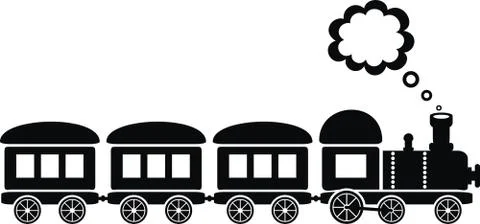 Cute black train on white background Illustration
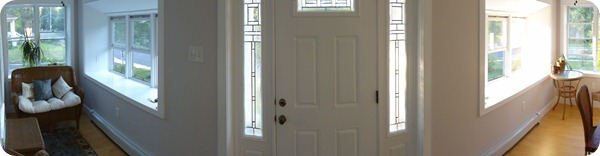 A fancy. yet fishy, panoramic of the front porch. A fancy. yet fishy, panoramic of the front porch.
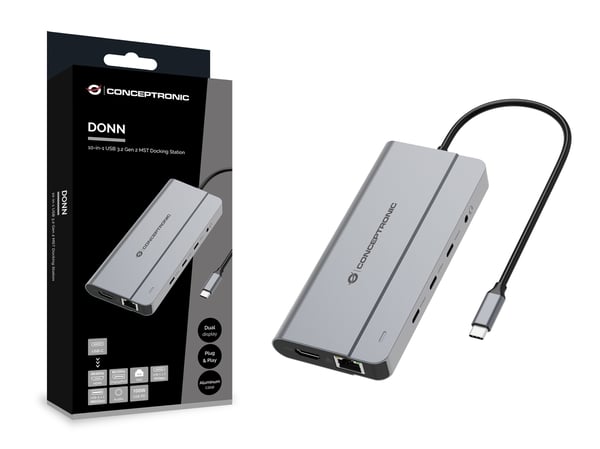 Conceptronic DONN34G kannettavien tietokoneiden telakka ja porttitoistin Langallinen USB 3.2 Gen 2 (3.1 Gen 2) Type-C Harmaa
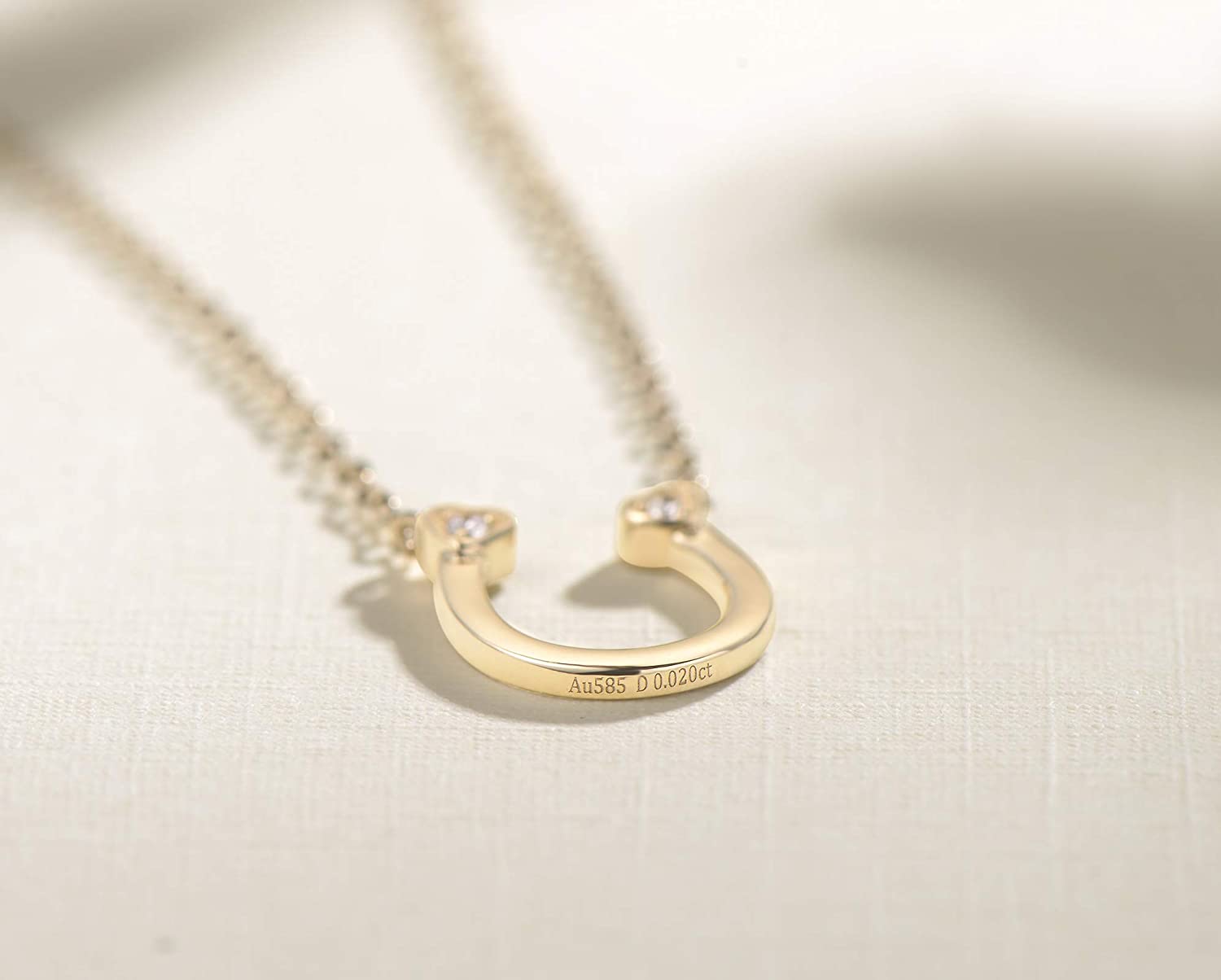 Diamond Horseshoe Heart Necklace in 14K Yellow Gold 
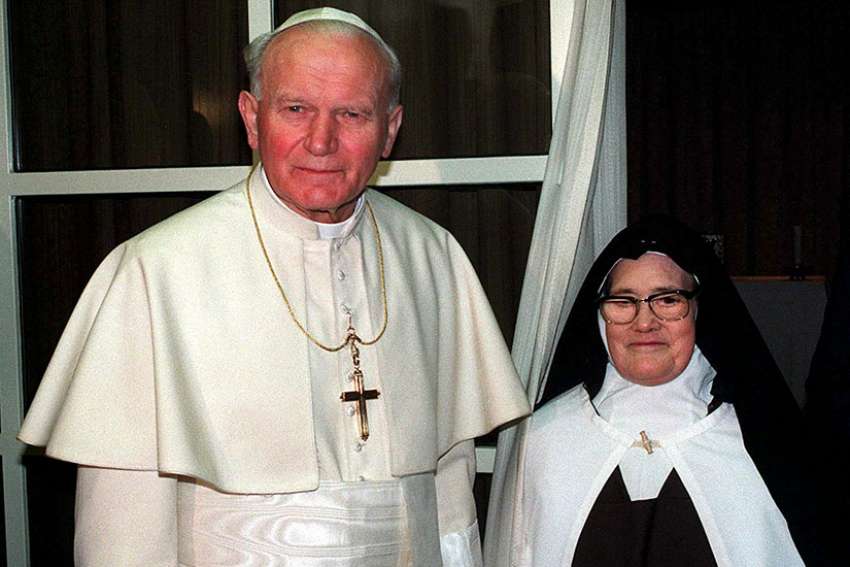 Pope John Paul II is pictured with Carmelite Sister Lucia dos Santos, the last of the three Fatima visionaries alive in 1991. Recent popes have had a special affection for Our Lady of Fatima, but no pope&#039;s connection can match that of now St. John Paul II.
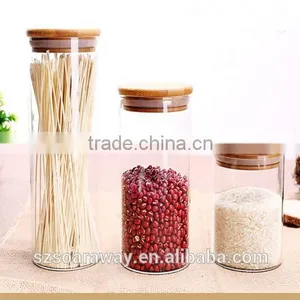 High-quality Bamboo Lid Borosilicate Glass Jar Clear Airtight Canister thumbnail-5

· · · · · · ·

Output the listing above exactly, excluding all pictures.

• ANSWER:
 Cute black train on white background Illustration
 A fancy. yet fishy, panoramic of the front porch. A fancy. yet fishy, panoramic of the front porch.
 Conceptronic DONN34G kannettavien tietokoneiden telakka ja porttitoistin Langallinen USB 3.2 Gen 2 (3.1 Gen 2) Type-C Harmaa
 Diamond Horseshoe Heart Necklace in 14K Yellow Gold 
 Pope John Paul II is pictured with Carmelite Sister Lucia dos Santos, the last of the three Fatima visionaries alive in 1991. Recent popes have had a special affection for Our Lady of Fatima, but no pope&#039;s connection can match that of now St. John Paul II.
 High-quality Bamboo Lid Borosilicate Glass Jar Clear Airtight Canister thumbnail-5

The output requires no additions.